さらに、毎回の商談後に振り返りノートをつける習慣をつけましょう。「今日うまくいった質問は何か」「どこで詰まったか」を書き留めることで、次回商談の精度が上がります。スキルは才能ではありません。反復と振り返りを重ねた人が、必ず上達します。

営業Q&A
●質問 営業スキルを上げるには、何から取り組めばいいですか?
営業経験がなく、どこから手をつければいいかわかりません。
本を読んでも、セミナーに参加しても、実際の商談でうまく使えないまま終わってしまいます。
どうすれば営業スキルが身につくのか、アドバイスをいただけますか?
● 回答
営業スキルが「使えない」とお感じなのですね。それはよくわかります。
知識と実践の間には大きなギャップがあります。そのギャップを埋めるには、次の3つのポイントが重要です。
- 知識ではなく「質問の体験」を積む
- 質問の台本を準備する
- 毎回の商談を振り返る
本を読んで「なるほど」と思っても、商談で使わなければ身につきません。まず1回の商談で「たとえば?」の質問を1回使うことからはじめましょう。小さな体験の積み重ねが、スキルになります。
「どの順番でどんな質問をするか」を事前に書き出してみましょう。説明のトークスクリプトではなく、質問のシナリオです。これがあるだけで、商談中の迷いがなくなります。
商談後に「うまくいった質問・うまくいかなかった質問」を書き留める習慣をつけましょう。振り返りノートをつけることで、自分の弱点が見え、改善のサイクルが生まれます。
営業スキルは才能ではありません。何歳からでも、どんな経歴からでも伸ばすことができます。質問する力は、練習すれば必ず伸びます。

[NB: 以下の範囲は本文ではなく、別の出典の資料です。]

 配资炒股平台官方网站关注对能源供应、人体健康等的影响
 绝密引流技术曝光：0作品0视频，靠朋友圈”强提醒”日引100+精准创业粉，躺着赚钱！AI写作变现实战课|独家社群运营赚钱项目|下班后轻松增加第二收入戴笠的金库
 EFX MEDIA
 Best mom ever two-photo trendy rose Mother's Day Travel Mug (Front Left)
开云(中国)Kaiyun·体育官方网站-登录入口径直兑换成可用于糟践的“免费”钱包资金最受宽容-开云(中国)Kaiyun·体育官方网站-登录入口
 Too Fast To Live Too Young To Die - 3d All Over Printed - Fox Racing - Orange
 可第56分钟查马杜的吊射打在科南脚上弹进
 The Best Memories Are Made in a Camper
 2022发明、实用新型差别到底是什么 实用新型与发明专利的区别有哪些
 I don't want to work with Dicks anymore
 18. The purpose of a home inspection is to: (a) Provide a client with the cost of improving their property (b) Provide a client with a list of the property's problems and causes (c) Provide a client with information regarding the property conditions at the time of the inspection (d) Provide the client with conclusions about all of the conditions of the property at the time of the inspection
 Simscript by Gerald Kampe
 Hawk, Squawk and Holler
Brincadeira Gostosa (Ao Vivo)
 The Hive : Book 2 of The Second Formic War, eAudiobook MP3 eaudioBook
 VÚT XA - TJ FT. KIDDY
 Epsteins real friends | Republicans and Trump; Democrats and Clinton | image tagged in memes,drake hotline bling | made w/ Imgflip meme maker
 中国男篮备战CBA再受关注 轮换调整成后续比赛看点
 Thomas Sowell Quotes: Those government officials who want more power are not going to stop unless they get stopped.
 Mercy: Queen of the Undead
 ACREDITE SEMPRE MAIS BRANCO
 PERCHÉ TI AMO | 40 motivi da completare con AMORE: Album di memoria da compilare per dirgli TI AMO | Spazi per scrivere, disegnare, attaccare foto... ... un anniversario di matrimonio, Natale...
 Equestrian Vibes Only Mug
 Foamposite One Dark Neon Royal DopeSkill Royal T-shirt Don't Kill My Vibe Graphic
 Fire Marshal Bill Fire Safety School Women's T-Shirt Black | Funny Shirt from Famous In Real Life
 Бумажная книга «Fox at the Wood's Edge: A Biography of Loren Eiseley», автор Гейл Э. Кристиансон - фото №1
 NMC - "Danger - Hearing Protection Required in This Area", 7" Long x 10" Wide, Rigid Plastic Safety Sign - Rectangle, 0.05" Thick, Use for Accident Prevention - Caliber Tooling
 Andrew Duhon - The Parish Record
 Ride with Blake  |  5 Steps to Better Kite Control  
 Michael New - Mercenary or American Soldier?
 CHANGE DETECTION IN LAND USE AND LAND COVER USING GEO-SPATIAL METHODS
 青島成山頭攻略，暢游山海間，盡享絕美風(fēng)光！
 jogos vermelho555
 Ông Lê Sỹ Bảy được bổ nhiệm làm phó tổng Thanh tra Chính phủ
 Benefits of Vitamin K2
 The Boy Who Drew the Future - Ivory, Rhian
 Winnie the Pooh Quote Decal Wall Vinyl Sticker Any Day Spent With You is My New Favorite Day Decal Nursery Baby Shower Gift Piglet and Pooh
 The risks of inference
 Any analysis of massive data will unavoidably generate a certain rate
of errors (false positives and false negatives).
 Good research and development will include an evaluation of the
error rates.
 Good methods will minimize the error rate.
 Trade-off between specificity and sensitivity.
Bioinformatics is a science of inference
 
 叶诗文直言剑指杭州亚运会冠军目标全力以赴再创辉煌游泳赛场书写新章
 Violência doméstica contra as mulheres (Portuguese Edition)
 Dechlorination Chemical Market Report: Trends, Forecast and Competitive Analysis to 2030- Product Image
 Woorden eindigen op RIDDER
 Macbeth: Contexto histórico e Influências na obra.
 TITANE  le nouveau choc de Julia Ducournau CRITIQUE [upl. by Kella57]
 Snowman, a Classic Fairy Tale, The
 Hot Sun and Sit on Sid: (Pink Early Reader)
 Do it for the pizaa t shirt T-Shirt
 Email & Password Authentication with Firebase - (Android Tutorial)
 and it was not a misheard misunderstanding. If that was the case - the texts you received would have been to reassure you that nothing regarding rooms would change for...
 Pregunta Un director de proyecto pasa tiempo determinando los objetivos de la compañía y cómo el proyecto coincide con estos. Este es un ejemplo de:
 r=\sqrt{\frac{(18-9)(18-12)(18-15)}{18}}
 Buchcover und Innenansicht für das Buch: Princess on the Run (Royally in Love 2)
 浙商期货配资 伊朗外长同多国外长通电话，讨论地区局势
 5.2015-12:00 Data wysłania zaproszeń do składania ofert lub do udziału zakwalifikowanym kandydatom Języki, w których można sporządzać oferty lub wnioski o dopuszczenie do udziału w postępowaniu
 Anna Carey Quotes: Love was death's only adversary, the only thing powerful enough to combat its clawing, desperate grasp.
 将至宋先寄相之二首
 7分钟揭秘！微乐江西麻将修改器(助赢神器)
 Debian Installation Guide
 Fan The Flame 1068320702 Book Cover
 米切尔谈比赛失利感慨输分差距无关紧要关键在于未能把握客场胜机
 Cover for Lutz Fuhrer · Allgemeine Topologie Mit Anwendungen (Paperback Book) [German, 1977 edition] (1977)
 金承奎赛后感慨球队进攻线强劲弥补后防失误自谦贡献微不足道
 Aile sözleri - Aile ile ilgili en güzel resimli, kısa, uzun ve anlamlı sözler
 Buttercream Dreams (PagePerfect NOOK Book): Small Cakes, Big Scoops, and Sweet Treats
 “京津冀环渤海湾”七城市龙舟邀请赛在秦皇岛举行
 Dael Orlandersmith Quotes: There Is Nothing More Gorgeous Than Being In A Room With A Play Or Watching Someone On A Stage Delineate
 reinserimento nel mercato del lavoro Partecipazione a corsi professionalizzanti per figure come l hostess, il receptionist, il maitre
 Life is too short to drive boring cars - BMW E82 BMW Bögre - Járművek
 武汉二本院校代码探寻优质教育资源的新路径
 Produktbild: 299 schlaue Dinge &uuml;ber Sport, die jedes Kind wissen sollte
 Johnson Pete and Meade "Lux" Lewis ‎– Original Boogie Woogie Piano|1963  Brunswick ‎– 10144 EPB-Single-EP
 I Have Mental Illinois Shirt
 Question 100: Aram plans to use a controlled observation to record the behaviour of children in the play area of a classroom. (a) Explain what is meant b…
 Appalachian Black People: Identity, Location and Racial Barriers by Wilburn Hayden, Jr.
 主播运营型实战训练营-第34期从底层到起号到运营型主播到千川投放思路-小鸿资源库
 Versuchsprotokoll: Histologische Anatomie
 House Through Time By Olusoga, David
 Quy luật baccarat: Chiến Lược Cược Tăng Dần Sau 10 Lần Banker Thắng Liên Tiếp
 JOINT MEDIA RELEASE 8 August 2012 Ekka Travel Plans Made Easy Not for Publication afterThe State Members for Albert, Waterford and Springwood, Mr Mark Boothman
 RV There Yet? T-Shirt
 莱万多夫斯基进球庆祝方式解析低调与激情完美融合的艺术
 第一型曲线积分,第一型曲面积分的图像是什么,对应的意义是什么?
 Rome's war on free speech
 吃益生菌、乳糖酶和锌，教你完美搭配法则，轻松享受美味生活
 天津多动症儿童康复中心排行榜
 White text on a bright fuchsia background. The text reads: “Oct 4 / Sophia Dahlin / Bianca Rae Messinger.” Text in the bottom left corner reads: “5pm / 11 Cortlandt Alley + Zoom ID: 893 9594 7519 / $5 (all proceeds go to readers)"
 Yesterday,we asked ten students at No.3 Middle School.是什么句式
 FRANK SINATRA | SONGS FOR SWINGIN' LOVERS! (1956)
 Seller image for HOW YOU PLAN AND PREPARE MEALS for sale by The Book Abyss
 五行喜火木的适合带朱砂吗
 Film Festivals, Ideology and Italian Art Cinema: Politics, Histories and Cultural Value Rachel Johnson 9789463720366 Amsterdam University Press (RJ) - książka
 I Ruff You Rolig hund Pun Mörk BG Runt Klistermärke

応援しています。焦らず、一歩ずつ取り組んでみてください。
まとめ
一人社長の営業スキルについて解説しました。いかがでしたか? 最初に身につけるべき3つの基本スキルはこちらです。
- 好意を伝える力(笑顔・声のトーン・うなずき)
- 質問する力(「たとえば?」「なぜ?」「ということは?」)
- 共感する力(「なるほど」「そうなのですね」)
この3つは、今日からでも練習できます。「話すのが得意でなければ売れない」という思い込みを手放したとき、営業はグッと楽になります。まずは次の商談で「たとえば?」の一言を使ってみることからはじめましょう。